_Task to complete_
The lines to repeat are those below from the one containing "Strong Hold Products" down to the one containing "sanafish Wassertest Aquarium", both included; reproduce them exactly and nothing else.

_Available data_
..............................

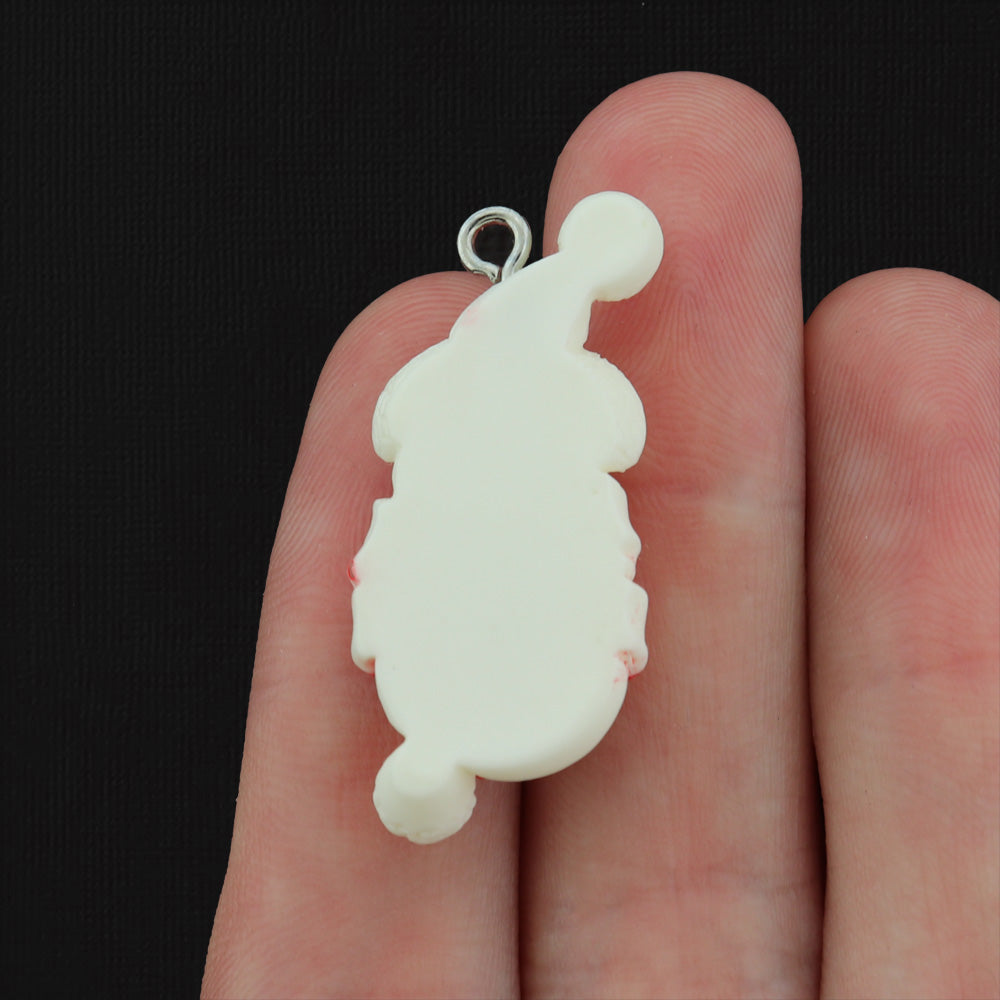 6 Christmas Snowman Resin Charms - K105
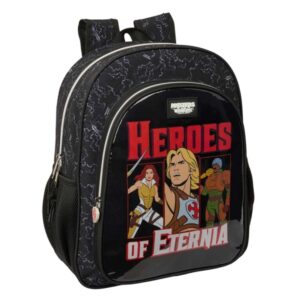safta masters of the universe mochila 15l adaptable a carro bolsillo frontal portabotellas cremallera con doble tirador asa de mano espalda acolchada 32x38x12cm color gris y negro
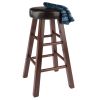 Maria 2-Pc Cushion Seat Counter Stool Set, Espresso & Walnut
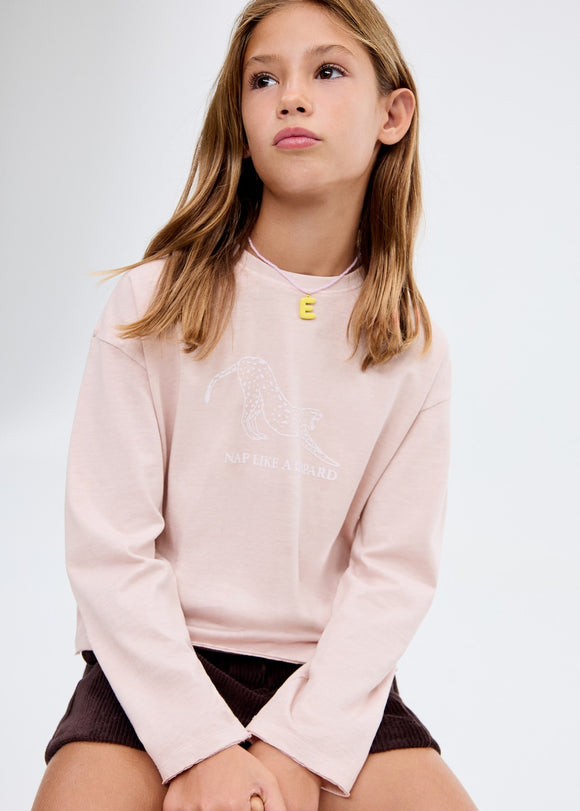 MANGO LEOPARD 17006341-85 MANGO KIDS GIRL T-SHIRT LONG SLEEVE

..............................

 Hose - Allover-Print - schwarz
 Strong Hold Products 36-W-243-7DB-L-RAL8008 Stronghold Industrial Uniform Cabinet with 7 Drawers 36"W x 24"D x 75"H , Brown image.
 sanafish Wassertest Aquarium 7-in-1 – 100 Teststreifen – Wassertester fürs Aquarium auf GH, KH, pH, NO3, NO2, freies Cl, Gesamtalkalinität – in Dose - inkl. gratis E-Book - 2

..............................

_Solution to this problem_
 Strong Hold Products 36-W-243-7DB-L-RAL8008 Stronghold Industrial Uniform Cabinet with 7 Drawers 36"W x 24"D x 75"H , Brown image.
 sanafish Wassertest Aquarium 7-in-1 – 100 Teststreifen – Wassertester fürs Aquarium auf GH, KH, pH, NO3, NO2, freies Cl, Gesamtalkalinität – in Dose - inkl. gratis E-Book - 2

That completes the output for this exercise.